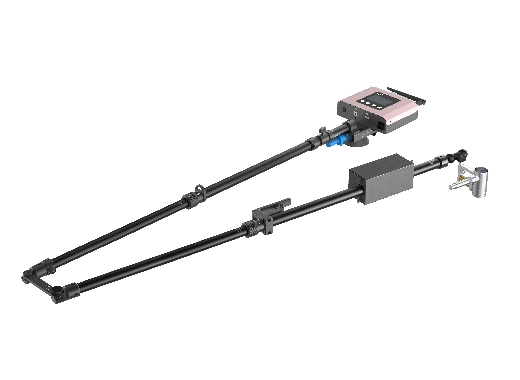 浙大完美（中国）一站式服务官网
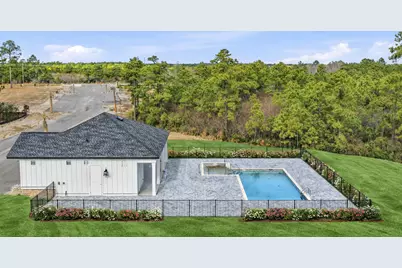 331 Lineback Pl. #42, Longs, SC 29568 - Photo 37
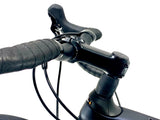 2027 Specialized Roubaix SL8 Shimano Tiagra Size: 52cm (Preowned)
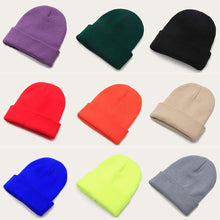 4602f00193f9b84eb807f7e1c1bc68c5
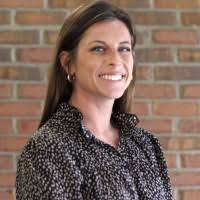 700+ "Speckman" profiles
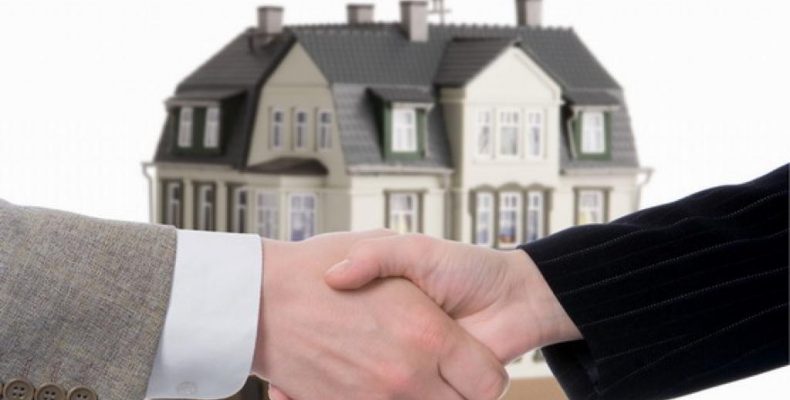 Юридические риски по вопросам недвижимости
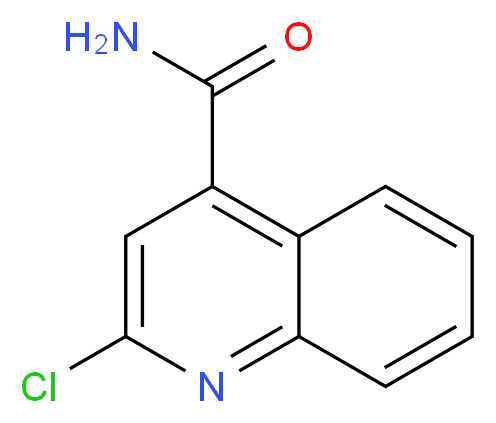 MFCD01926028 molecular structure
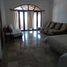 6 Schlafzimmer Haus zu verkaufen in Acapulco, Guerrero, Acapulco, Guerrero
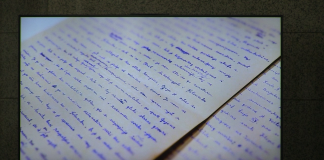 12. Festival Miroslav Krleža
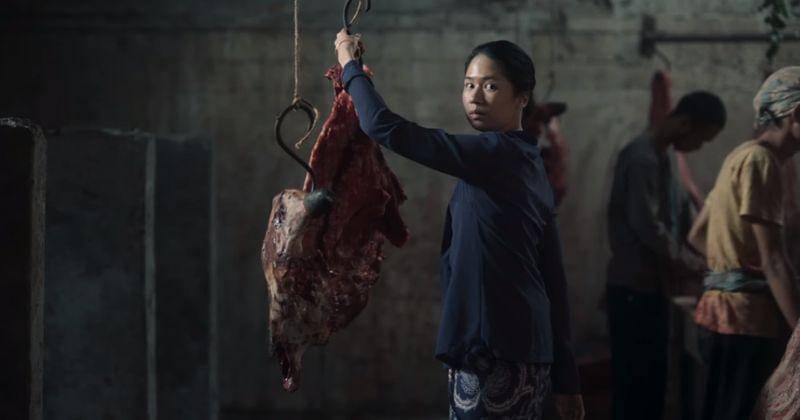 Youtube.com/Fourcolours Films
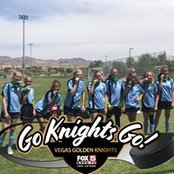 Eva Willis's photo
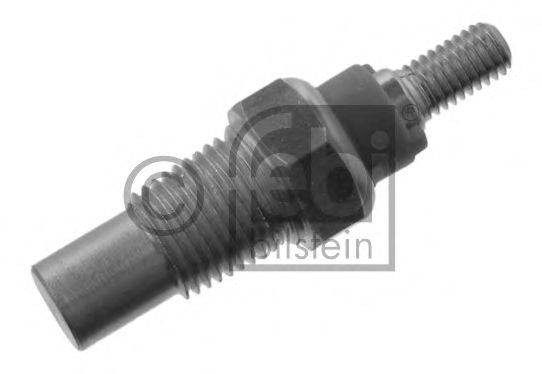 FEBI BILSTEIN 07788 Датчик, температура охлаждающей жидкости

**Exercise:**
Copy out the records above in full, exactly as written, but not the pictures.

**The completed task:**
 浙大完美（中国）一站式服务官网
 331 Lineback Pl. #42, Longs, SC 29568 - Photo 37
 2027 Specialized Roubaix SL8 Shimano Tiagra Size: 52cm (Preowned)
 4602f00193f9b84eb807f7e1c1bc68c5
 700+ "Speckman" profiles
 Юридические риски по вопросам недвижимости
 MFCD01926028 molecular structure
 6 Schlafzimmer Haus zu verkaufen in Acapulco, Guerrero, Acapulco, Guerrero
 12. Festival Miroslav Krleža
 Youtube.com/Fourcolours Films
 Eva Willis's photo
 FEBI BILSTEIN 07788 Датчик, температура охлаждающей жидкости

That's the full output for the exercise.